2008-04-26 Thread Duncan Coutts

On Fri, 2008-04-25 at 17:30 +0100, Richard Kelsall wrote:
> I've just been investigating a performance oddity in using splitAt
> on a long stream of random numbers. I don't understand why GHC
> appears to want to traverse the first part of the list twice.
> 
> GHC seems to implement the splitAt function something like
> 
> splitAt n xs = (take n xs, drop n xs)
> 
> whereas Hugs is something like
> 
> splitAt n (x : xs) = (x : xs', xs'')
>  where (xs', xs'') = splitAt (n-1) xs
> 
> which seems much more sensible to me. Wouldn't it be better to change
> GHC to the Hugs method? Have I misunderstood something?

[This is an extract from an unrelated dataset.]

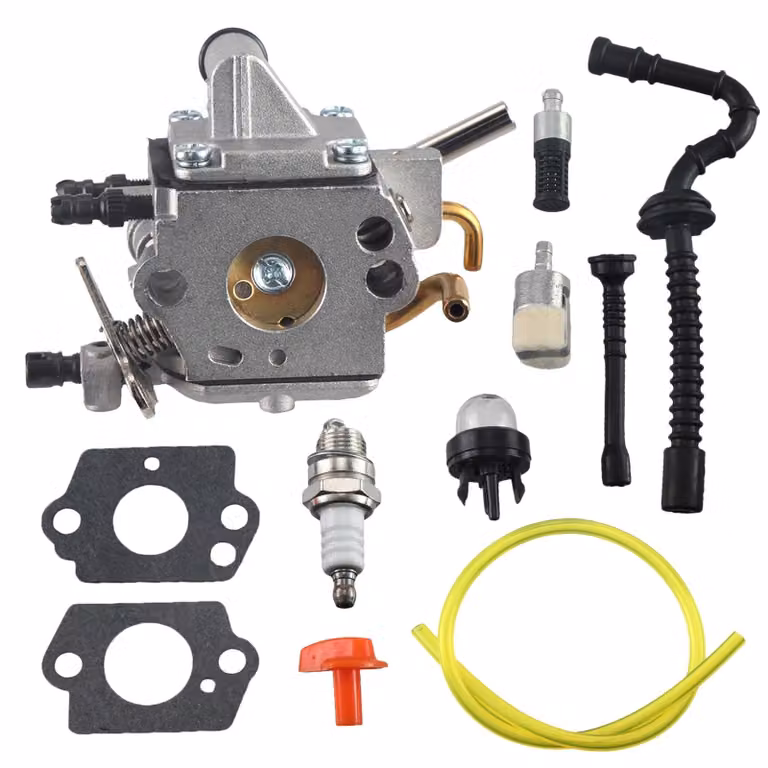 Solidchoice - Kit carburatore per motosega, completo di tubo di aspirazione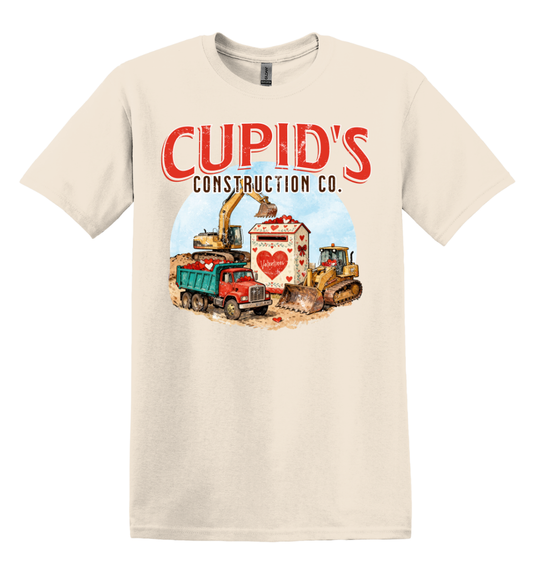 Cupid's Construction Crew Tee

Actually GHC uses this definition, in GHC.List:

#ifdef USE_REPORT_PRELUDE

splitAt n xs   =  (take n xs, drop n xs)

#else /* hack away */

splitAt (I# n#) ls
  | n# <# 0#= ([], ls)
  | otherwise   = splitAt# n# ls
where
splitAt# :: Int# -> [a] -> ([a], [a])
splitAt# 0# xs = ([], xs)
splitAt# _  [EMAIL PROTECTED]  = (xs, xs)
splitAt# m# (x:xs) = (x:xs', xs'')
  where
(xs', xs'') = splitAt# (m# -# 1#) xs

#endif /* USE_REPORT_PRELUDE */

So ghc's version should be of equivalent strictness to the hugs version.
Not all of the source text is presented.